A tournament - men in armor with shields fighting on the grass

Modern-day re-enactors having a tournament

Tournaments were a common form of entertainment in the Middle Ages. A group of knights came together at the castle of some powerful duke or king, and they would spend the day fighting each other for prizes, sometimes one against one, and sometimes in teams. Tournaments took the place of our tennis matches and football games, although women were generally not allowed to participate. Most of the time men got hurt but they only occasionally got killed.

Why not have your own tournament?


Here’s a couple of kids bike jousting with noodles

First you’ll have to decide on a site, then mark off a rectangle for the fighting.
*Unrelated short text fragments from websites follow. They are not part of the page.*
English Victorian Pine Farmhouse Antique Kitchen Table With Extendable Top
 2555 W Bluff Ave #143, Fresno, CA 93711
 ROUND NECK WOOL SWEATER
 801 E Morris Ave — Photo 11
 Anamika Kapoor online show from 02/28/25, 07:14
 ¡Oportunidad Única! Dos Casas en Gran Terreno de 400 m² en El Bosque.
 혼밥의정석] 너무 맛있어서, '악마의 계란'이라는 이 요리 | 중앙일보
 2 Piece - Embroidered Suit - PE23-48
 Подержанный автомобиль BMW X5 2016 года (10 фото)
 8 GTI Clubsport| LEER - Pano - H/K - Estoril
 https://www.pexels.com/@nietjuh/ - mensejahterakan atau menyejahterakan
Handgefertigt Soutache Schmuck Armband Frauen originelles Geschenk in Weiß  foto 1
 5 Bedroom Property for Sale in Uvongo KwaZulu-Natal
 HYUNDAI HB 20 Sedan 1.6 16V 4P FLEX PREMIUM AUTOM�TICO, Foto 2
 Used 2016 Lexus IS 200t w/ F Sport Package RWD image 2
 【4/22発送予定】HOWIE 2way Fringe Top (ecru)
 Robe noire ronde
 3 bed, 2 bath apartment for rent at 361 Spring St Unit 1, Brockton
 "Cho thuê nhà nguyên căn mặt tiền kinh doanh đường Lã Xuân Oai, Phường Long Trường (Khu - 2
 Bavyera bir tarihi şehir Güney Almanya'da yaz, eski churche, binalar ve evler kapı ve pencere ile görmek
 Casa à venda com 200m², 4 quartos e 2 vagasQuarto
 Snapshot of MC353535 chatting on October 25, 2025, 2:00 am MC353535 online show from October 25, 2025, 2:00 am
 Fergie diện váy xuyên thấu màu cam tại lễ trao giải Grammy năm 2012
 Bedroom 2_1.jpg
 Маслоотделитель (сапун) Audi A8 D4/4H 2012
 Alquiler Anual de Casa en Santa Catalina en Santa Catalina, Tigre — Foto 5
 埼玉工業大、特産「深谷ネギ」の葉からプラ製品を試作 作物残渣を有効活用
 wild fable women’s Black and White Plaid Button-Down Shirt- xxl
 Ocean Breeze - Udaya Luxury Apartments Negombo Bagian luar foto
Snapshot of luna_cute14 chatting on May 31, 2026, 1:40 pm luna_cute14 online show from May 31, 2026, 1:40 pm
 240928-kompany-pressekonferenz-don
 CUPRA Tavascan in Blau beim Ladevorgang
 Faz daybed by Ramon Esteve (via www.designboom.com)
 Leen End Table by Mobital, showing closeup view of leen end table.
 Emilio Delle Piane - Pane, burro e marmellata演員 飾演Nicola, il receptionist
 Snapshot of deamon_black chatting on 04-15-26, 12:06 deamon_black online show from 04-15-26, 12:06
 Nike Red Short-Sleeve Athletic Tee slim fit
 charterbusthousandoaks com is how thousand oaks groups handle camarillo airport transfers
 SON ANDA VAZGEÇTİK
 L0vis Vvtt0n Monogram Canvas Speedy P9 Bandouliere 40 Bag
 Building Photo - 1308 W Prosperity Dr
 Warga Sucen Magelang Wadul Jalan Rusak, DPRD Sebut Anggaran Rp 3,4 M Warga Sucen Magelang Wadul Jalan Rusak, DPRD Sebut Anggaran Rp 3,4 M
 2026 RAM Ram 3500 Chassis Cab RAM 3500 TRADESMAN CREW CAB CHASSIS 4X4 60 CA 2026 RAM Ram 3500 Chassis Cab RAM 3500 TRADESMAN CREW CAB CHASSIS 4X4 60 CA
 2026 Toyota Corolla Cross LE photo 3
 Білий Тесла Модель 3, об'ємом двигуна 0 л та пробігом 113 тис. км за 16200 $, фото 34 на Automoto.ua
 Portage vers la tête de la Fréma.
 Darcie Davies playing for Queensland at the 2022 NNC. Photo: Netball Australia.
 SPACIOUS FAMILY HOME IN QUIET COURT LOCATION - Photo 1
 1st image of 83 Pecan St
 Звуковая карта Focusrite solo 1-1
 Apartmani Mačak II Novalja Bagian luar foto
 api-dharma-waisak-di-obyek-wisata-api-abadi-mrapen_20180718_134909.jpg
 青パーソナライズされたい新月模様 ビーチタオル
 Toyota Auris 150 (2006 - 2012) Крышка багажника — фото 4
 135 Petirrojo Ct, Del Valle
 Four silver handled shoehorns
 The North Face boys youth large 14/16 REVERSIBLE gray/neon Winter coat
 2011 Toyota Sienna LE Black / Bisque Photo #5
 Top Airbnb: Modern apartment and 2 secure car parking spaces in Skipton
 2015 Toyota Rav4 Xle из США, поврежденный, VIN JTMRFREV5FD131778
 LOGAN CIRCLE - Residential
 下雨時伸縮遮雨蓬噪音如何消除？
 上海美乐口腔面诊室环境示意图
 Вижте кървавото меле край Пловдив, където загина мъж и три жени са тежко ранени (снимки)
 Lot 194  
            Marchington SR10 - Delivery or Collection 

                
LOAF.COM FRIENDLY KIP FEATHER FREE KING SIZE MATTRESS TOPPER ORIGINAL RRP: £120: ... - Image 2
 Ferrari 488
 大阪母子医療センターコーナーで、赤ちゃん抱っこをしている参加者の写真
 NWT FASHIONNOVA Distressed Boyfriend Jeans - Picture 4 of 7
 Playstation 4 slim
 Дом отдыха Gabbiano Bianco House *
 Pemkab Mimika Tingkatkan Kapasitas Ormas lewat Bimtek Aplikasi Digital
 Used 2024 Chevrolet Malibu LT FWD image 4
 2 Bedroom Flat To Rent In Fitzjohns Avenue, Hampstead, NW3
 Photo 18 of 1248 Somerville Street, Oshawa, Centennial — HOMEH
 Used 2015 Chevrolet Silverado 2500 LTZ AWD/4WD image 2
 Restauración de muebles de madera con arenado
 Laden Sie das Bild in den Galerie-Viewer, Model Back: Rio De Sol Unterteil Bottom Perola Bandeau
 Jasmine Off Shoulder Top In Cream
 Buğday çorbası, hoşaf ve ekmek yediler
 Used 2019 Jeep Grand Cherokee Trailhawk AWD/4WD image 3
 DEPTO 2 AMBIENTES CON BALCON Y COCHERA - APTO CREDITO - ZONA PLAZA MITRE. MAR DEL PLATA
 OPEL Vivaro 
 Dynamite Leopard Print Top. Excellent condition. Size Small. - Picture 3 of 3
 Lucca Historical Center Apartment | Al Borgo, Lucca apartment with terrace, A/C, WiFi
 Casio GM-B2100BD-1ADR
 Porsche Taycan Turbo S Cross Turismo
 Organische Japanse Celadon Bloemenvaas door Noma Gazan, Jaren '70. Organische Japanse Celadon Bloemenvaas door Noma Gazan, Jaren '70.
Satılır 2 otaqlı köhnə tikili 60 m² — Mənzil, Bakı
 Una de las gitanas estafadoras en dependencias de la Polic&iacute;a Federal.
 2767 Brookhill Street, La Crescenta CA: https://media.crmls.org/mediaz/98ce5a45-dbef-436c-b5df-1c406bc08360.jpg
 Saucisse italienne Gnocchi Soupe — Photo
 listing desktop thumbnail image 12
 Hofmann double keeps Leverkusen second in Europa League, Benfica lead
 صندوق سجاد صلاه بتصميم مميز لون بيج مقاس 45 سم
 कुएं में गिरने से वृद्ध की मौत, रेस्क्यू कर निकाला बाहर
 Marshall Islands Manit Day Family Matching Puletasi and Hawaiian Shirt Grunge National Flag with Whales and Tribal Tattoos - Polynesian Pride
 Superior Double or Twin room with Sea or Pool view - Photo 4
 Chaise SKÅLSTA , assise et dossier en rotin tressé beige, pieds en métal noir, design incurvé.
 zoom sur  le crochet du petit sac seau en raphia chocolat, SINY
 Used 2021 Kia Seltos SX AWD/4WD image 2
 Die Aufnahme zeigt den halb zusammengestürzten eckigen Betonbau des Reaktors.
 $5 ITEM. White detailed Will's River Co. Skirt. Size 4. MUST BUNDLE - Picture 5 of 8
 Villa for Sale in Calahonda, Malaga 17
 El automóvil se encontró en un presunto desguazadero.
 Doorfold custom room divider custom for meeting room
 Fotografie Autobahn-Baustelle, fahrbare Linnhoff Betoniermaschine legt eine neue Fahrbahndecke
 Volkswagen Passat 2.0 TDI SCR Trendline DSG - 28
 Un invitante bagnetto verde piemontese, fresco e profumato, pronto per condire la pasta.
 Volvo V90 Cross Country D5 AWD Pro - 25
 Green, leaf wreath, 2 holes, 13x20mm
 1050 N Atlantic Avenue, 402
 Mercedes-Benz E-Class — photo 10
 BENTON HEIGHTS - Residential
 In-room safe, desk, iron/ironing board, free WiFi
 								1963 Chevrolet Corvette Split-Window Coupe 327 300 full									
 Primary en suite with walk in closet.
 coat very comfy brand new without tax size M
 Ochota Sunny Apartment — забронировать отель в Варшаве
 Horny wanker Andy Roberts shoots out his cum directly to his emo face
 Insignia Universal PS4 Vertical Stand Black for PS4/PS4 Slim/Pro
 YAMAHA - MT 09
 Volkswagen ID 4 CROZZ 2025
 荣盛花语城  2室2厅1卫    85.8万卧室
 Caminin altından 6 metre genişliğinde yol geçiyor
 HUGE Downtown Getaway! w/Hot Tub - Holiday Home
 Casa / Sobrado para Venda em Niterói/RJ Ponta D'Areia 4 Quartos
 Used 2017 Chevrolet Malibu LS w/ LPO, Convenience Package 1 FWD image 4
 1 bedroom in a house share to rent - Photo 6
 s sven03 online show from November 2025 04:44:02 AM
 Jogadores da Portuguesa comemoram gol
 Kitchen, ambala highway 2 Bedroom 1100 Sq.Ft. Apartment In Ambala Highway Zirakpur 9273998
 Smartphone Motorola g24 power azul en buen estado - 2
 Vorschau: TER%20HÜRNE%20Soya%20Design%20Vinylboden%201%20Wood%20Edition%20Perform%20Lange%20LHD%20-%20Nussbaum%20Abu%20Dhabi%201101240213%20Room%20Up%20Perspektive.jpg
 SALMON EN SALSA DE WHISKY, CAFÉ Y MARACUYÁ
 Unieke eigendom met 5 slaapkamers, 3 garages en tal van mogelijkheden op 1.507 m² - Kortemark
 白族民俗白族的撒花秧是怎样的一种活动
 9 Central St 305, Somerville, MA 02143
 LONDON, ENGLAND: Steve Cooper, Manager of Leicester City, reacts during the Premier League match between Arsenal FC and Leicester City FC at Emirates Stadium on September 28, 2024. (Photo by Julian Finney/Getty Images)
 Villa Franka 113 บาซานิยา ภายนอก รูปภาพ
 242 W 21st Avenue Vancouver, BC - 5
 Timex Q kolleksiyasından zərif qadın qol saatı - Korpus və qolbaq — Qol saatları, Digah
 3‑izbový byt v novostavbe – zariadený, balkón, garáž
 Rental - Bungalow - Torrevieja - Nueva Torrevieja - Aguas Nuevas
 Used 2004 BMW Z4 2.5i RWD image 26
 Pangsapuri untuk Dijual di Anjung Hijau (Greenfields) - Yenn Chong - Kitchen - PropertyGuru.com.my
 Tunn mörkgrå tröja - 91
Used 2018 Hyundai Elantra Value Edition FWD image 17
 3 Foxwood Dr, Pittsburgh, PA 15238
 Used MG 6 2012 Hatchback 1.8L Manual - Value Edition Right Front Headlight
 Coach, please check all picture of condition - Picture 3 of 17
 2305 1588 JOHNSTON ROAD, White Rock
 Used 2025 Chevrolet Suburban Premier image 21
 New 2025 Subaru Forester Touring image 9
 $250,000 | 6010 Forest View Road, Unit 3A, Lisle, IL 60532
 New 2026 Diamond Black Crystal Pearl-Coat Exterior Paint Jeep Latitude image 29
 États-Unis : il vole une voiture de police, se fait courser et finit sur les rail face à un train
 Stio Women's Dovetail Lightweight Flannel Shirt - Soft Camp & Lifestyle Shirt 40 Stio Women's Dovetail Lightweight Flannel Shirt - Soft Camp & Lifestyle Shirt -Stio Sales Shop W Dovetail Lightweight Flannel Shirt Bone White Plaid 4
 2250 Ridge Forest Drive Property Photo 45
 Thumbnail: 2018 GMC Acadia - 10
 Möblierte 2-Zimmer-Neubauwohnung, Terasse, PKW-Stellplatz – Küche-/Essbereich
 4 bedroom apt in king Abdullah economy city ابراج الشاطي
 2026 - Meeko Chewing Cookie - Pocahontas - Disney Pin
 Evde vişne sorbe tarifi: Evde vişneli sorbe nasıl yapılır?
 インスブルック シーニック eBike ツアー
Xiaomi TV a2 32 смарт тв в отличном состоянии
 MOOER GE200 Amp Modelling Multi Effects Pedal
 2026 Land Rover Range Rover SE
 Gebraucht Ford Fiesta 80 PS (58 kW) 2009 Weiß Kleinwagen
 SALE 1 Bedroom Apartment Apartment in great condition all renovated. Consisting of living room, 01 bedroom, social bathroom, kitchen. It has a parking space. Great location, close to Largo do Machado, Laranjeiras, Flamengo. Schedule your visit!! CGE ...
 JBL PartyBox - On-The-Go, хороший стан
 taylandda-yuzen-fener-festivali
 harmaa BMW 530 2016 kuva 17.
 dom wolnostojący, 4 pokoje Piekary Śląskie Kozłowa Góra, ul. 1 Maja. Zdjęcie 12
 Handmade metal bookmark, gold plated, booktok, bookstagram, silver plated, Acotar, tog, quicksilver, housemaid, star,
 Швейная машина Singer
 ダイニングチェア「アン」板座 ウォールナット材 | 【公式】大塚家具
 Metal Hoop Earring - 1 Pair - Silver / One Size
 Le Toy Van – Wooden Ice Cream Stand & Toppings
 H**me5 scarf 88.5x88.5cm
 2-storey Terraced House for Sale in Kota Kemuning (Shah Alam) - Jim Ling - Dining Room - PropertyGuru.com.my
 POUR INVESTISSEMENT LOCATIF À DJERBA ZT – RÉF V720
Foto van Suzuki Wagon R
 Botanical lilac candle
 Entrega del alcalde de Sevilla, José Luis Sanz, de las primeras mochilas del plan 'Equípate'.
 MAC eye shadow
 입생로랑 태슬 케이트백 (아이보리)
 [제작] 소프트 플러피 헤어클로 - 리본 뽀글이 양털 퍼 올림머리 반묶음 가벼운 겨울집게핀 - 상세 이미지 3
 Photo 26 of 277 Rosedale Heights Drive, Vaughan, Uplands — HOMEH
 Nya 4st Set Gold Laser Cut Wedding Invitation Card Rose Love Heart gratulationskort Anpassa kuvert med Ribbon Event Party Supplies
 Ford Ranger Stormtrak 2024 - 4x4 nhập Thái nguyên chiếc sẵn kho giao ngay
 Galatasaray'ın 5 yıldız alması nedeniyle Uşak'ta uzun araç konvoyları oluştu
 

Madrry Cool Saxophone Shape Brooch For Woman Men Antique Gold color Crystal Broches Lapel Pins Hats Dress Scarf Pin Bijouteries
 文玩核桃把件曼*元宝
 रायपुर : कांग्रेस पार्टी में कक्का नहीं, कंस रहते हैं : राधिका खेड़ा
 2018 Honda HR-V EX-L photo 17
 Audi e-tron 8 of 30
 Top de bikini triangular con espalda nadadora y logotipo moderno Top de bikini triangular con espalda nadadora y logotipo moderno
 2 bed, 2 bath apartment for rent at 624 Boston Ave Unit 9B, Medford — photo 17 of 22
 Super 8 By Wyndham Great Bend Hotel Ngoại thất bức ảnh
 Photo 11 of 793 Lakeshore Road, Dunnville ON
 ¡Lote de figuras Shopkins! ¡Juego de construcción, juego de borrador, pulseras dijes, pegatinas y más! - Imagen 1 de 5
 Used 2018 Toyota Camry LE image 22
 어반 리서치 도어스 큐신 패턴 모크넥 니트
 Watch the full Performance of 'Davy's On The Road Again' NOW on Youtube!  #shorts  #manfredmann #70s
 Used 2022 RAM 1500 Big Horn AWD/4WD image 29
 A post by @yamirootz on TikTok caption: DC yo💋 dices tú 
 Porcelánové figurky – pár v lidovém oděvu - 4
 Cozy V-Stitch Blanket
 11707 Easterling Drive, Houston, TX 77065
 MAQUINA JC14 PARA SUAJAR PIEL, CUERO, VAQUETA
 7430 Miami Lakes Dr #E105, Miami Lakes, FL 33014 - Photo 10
Of course you don’t want to fight so that people get hurt! You might tilt at each other riding bicycles, with the object being to grab a balloon from the other person’s hand successfully, for instance, or to trade balloons as you ride by each other.

Or you might divide into two teams, each with balloons of different colors, and try to pop all the balloons of the other team.

Or you might decide to have a non-competitive event, where you all try to pop the balloons together, rather than having teams, and discuss whether we are less interested in competition today than the men of the Middle Ages were.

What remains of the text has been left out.